WORK ITEM
From the data underneath, reproduce exactly the stretch that begins at the line with "Coque portefeuille en cuir Samsung Galaxy A" and ends after the line with "Leaves in the".

DATA TO EXAMINE
******

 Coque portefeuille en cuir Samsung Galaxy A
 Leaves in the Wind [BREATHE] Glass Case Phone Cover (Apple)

******

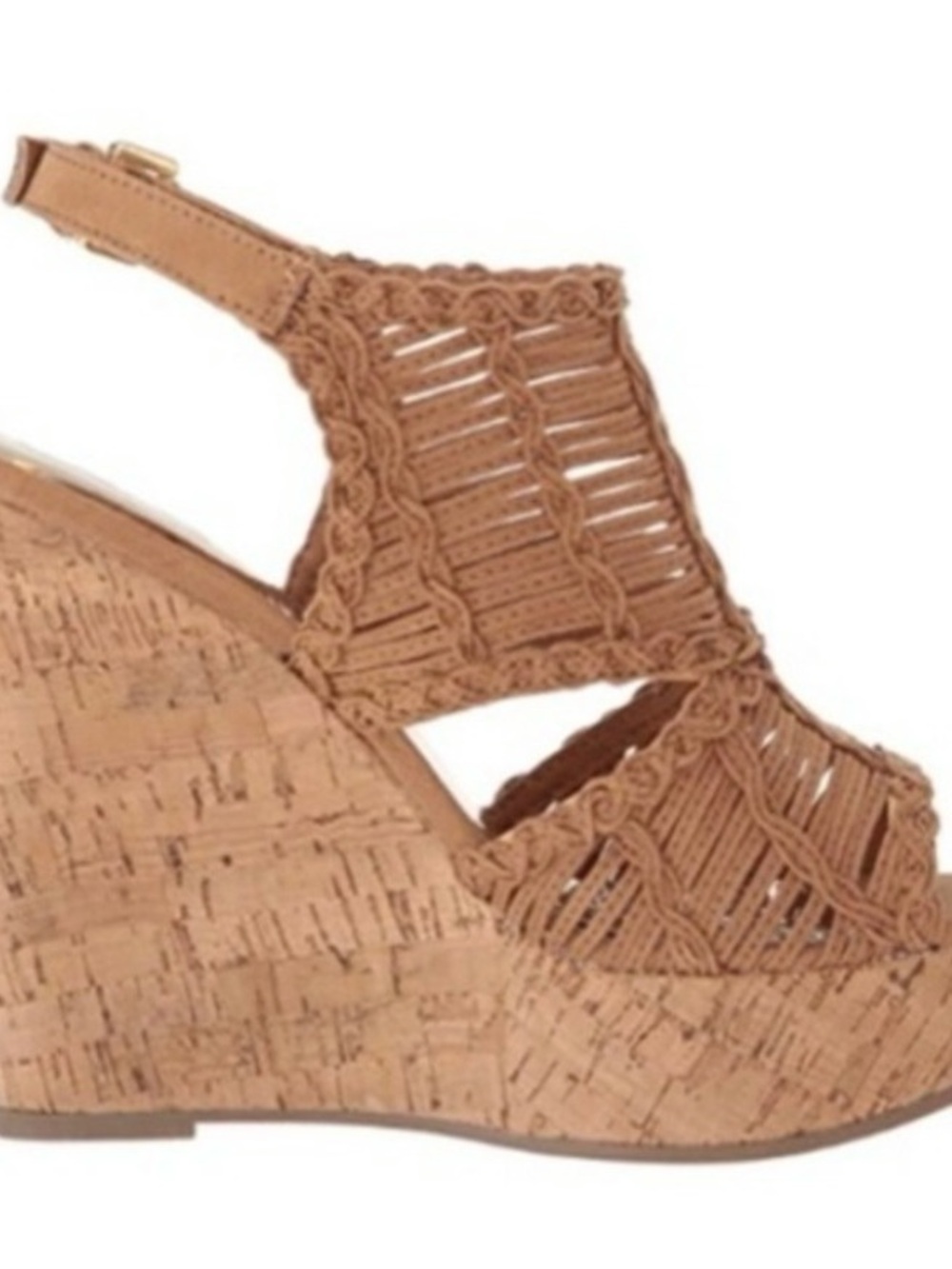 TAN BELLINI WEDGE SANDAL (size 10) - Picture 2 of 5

******

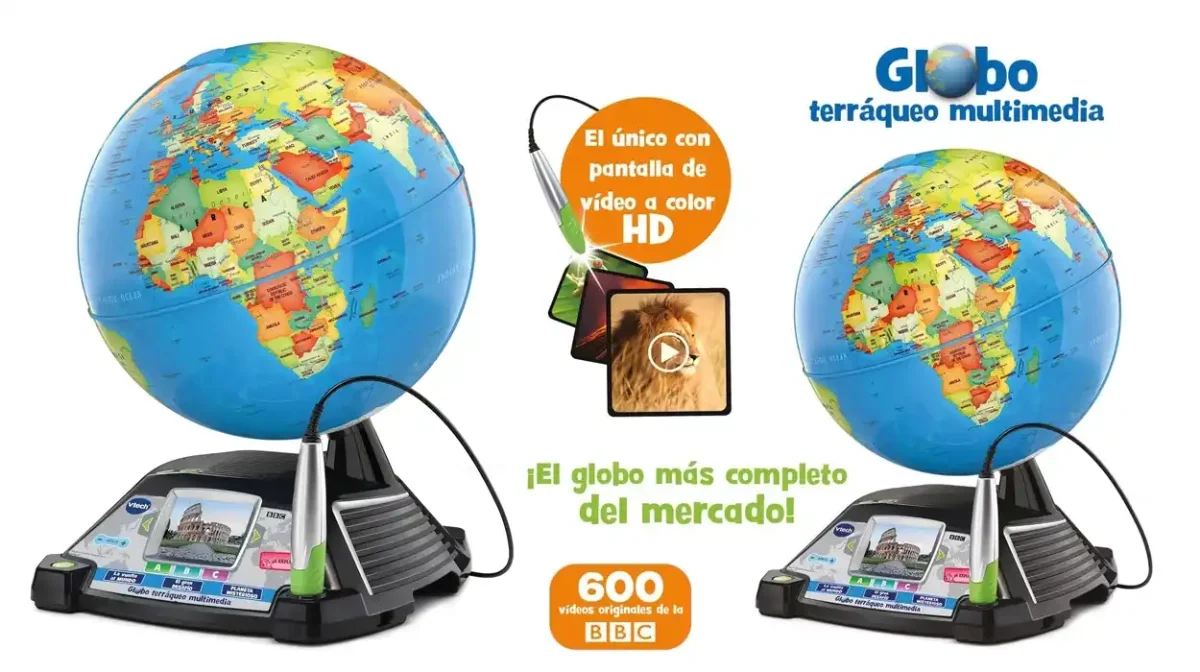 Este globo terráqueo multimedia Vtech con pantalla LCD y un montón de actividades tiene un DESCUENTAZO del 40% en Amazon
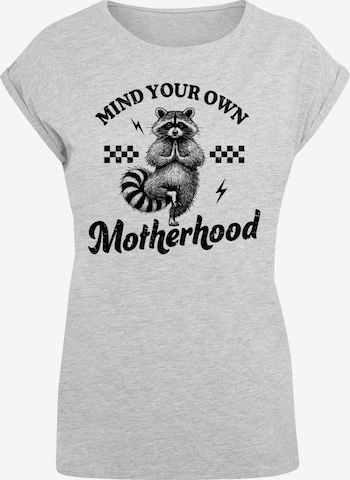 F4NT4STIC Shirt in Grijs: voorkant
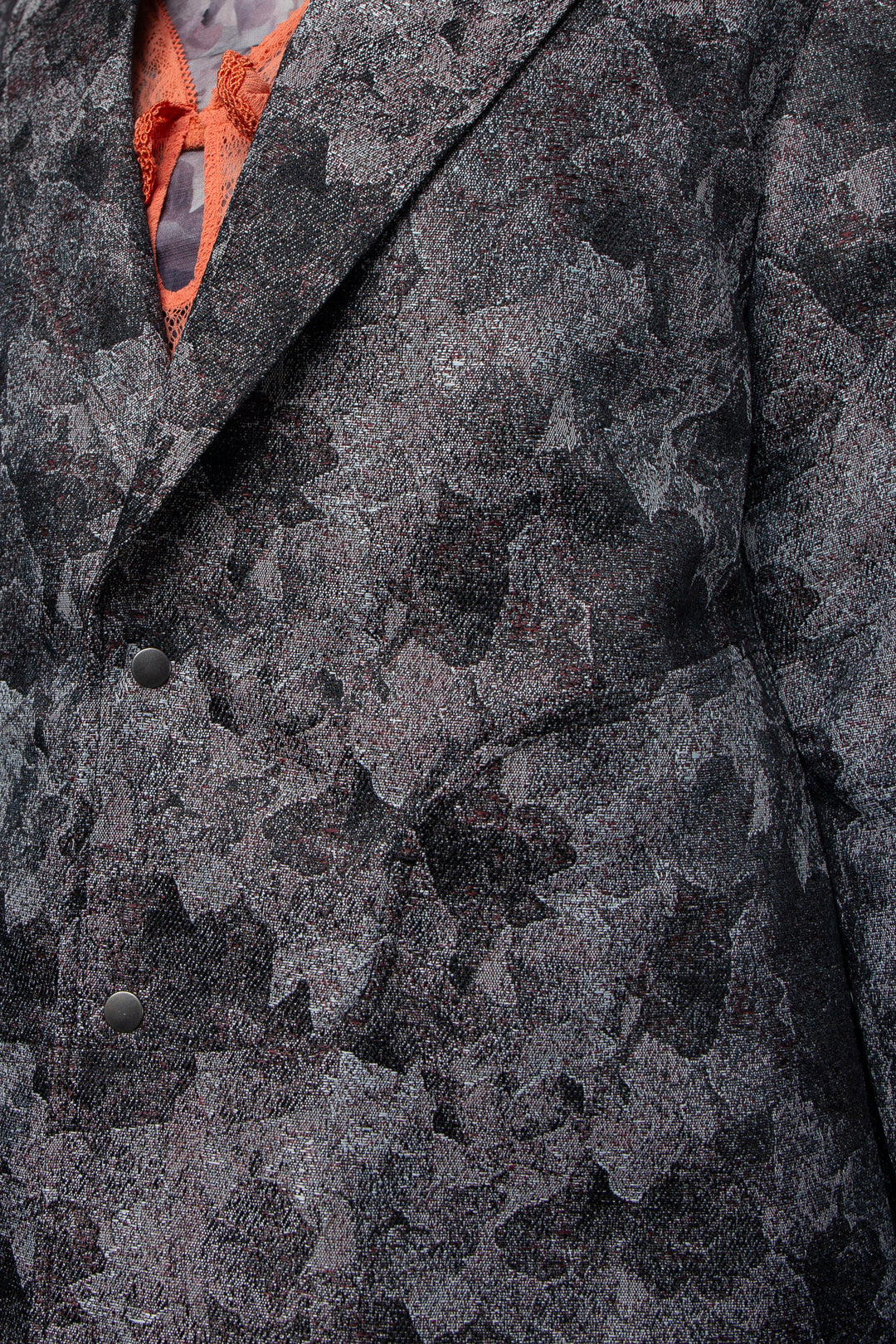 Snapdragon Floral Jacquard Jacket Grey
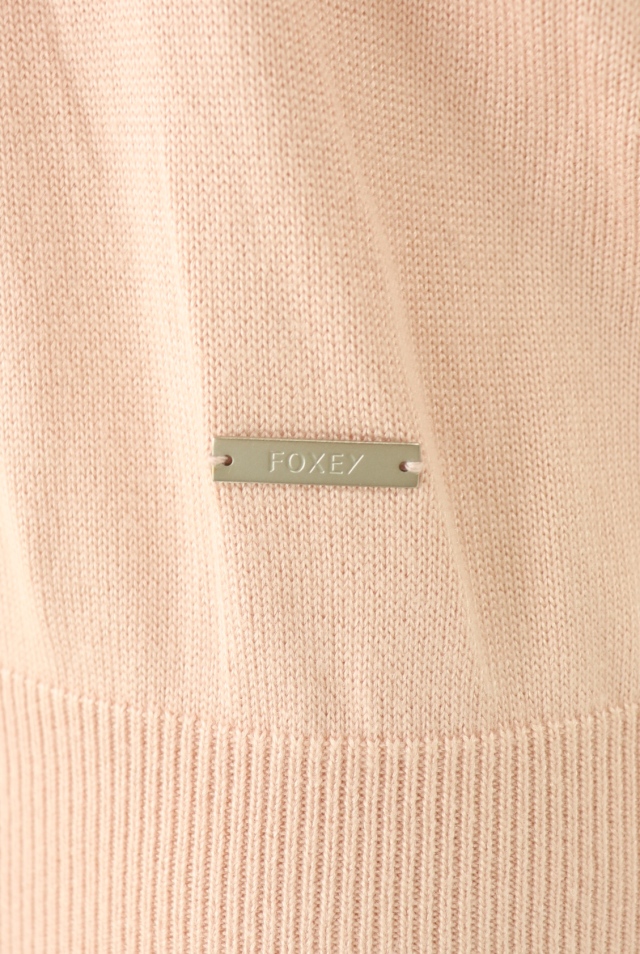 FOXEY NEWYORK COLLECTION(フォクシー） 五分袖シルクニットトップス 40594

******

REPLY TO THE EXERCISE
 Coque portefeuille en cuir Samsung Galaxy A
 Leaves in the Wind [BREATHE] Glass Case Phone Cover (Apple)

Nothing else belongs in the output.